Après être passée devant ce livre toutes les semaines au supermarché, celui-ci étant exposé aux premières loges, j’ai fini par l’emprunter à la bibliothèque en ebook. Je voulais découvrir le type d’essai connu par le plus grand nombre ; les sortes de thématiques abordées ; les sources bibliographiques sur lesquelles l’auteur s’appuie. Daniel Cohen dont le nom m’évoquait vaguement quelque chose est économiste à l’Ecole Normale Supérieure et a écrit déjà d’autres ouvrages de vulgarisation économique. Je n’ai pourtant pas trouvé ses propos d’une clarté sans faille.

L’ouvrage suit un plan totalement arbitraire et qui ne nous est à aucun moment présenté. Daniel Cohen définit la notion centrale d’Homo Economicus (la tendance de l’homme « à maximiser son bien être à la manière d’une firme maximisant son profit ) seulement vers la moitié du livre.
Les références littéraires à des œuvres comme l’Odyssée d’Homère, Dr Jekyll et Mr Hyde abondent sans franchement apporter quelque chose de constructif, si ce n’est peut-être à l’égo de ceux qui les saisissent.

L’auteur use également beaucoup de l’argument d’autorité pour justifier ses allégations : tel prix Nobel de X a dit ça, sous-entendu si c’est lui qui l’a dit, alors on peut lui faire confiance. Mais ces passages là sont plutôt agréables si on les compare à ceux ne présentant aucune source comme celui-ci sur l’ « incohérence temporelle des préférences », cette inclination des hommes à s’adonner à des activités qu’ils regrettent ensuite d’avoir pratiqué.

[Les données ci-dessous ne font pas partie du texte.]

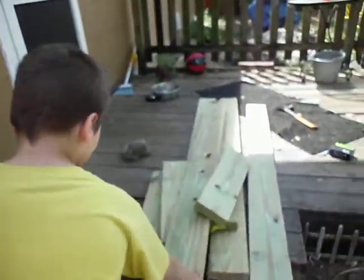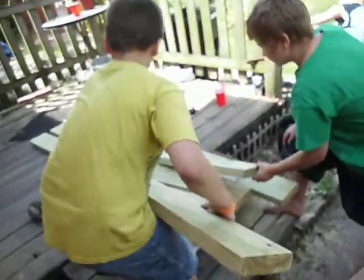Alright, the next thing we're going to do is we're going to put the wood in the positions to be assembled into two by six beds.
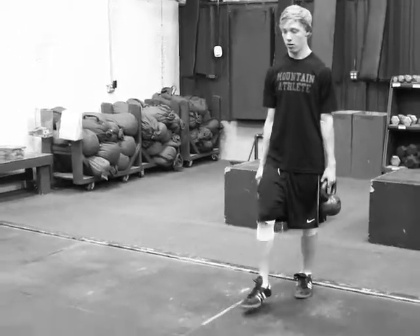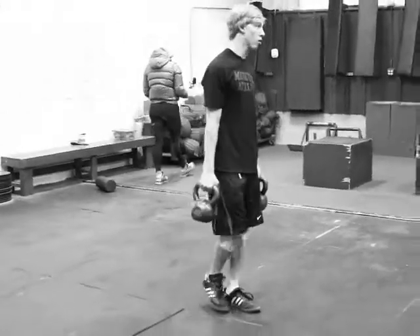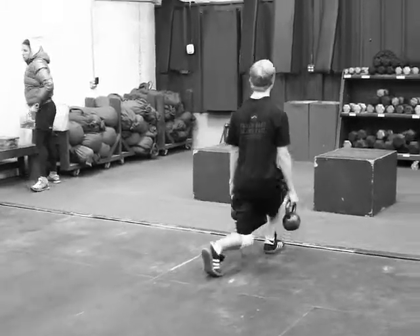Sam here is going to show us the walking lunge, go ahead Sam. You are going to use kettlebells or dumbbells to load it. Sam here is showing us three — he is going to go three one direction and three the other, making sure he gets three each leg.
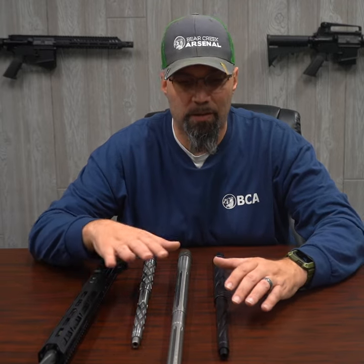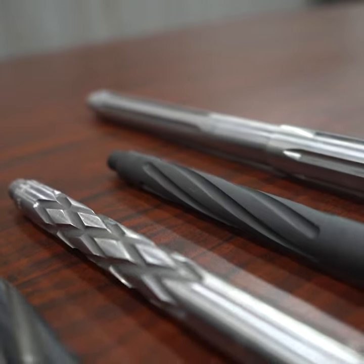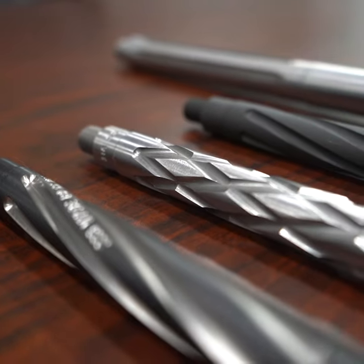Hey guys, real quick, just want to touch on the fluting of rifle barrels in the AR. Here at Bear Creek, you can get several different options. We've got a spiral fluted, we've got a straight fluted, we even have a nifty diamond cut fluted.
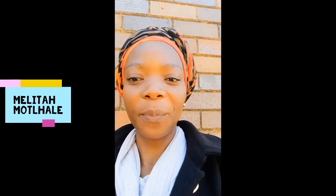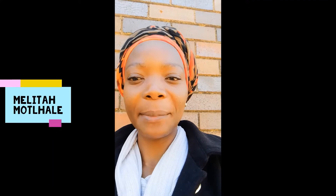Greetings, good people. This is Melita Mclale. I'll just give you quick tips on how to prepare for these exams — hopefully these will be helpful. First of all, the preparation stage: you have to identify how much material you are supposed to cover, the timelines. Make sure that you have your printouts, past exam papers, memorandums, and course outlines ready so that you can prepare.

Cependant, certaines anecdotes de cet ouvrage séduisent, comme celle-ci reprenant bien la thèse de l’ouvrage : « l’homme moral quitte la salle quand l’homo économicus y rentre ». Pour l’illustrer, D Cohen nous présente 2 études. La première montre que si on rémunère le don du sang, on trouve, contrairement à ce à quoi on pourrait s’attendre, moins de donneurs. La seconde nous apprend que si l’on fait payer une amende à des parents d’enfants d’école maternelle arrivant en retard, alors ceux-ci seront encore plus nombreux à arriver en retard. Dommage que le lien vers ces études ne soit pas mentionné.

La théorie du psychologue Kahneman qui nous est contée est aussi pertinente ; l’homme tend à retenir 2 moments d’un évènement, le plus intense et le dernier. Ainsi on a montré que le coût psychologique d’une coloscopie diminuait si on laissait les gens plus longtemps dans la salle d’opération après le geste chirurgical. Dommage une fois encore que la référence de l’étude ne soit pas livrée, et que les critères méthodologiques de celles-ci ne soient pas détaillés. Cela pousse le lecteur à tout avaler ou à ne rien retenir.

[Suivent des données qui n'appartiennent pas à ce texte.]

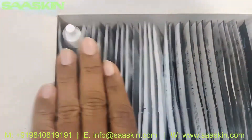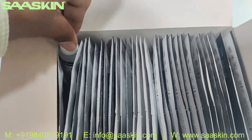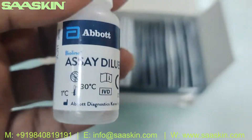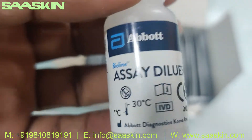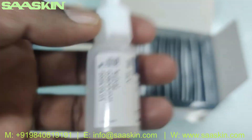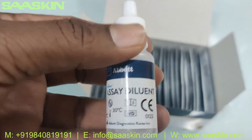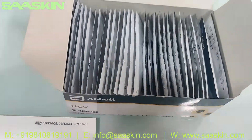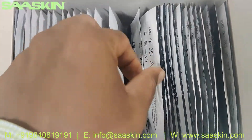This is a 30 test kit pack box. Inside you can see there is a buffer bottle — here it is, it's a 5ml buffer bottle for conducting the test. And inside you can see the 30 test cassettes here — let me put two cassettes for you.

Tout le livre se résume à cela ; l’évocation de théories, d’opinions et de faits intéressants mais exposés superficiellement, sans recul critique, sans même de liens entre eux. Après avoir terminé cet essai, on ne sait pas vraiment quoi en retenir, ni même le résumé. Un agréable brouillon en quelque sorte, dans l’air du temps.